*** MATERIALS PROVIDED Section Begins ***

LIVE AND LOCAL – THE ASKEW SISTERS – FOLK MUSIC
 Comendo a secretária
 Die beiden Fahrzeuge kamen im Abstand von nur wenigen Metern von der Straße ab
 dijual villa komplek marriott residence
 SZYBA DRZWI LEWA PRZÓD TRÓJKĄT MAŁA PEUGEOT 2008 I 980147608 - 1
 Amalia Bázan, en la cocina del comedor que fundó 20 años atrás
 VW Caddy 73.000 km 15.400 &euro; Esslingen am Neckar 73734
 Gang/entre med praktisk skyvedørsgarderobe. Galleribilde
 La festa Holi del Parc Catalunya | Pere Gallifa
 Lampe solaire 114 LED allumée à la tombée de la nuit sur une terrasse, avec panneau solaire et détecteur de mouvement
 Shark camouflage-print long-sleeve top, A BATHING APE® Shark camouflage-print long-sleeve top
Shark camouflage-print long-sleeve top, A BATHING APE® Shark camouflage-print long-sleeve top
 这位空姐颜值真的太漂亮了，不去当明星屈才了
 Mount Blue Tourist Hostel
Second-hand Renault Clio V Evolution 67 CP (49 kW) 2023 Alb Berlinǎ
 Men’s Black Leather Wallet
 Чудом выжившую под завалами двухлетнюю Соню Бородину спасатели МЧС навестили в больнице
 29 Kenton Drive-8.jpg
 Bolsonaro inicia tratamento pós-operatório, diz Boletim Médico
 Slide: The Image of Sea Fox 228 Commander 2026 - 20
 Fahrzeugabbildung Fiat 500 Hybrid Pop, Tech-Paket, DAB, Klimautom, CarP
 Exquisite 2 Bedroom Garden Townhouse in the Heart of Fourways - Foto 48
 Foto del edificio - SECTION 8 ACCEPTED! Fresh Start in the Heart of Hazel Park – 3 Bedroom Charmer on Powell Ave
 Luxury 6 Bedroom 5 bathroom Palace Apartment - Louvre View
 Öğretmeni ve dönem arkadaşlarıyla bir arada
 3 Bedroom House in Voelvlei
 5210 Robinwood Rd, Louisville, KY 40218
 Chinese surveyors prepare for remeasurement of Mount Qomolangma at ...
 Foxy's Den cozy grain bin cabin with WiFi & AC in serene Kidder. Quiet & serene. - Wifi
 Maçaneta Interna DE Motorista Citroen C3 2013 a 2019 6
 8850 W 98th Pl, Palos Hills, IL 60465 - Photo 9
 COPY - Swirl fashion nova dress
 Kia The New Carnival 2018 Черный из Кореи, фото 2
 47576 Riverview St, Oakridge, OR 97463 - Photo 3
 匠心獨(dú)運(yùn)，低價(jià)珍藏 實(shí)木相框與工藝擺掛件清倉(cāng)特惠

*** MATERIALS PROVIDED Section Ends ***

• _PROBLEM TO WORK ON_: In the material above, show every line where the word "Bedroom" turns up.

• _SOLUTION FOR THIS PROBLEM_:
 Exquisite 2 Bedroom Garden Townhouse in the Heart of Fourways - Foto 48
 Foto del edificio - SECTION 8 ACCEPTED! Fresh Start in the Heart of Hazel Park – 3 Bedroom Charmer on Powell Ave
 Luxury 6 Bedroom 5 bathroom Palace Apartment - Louvre View
 3 Bedroom House in Voelvlei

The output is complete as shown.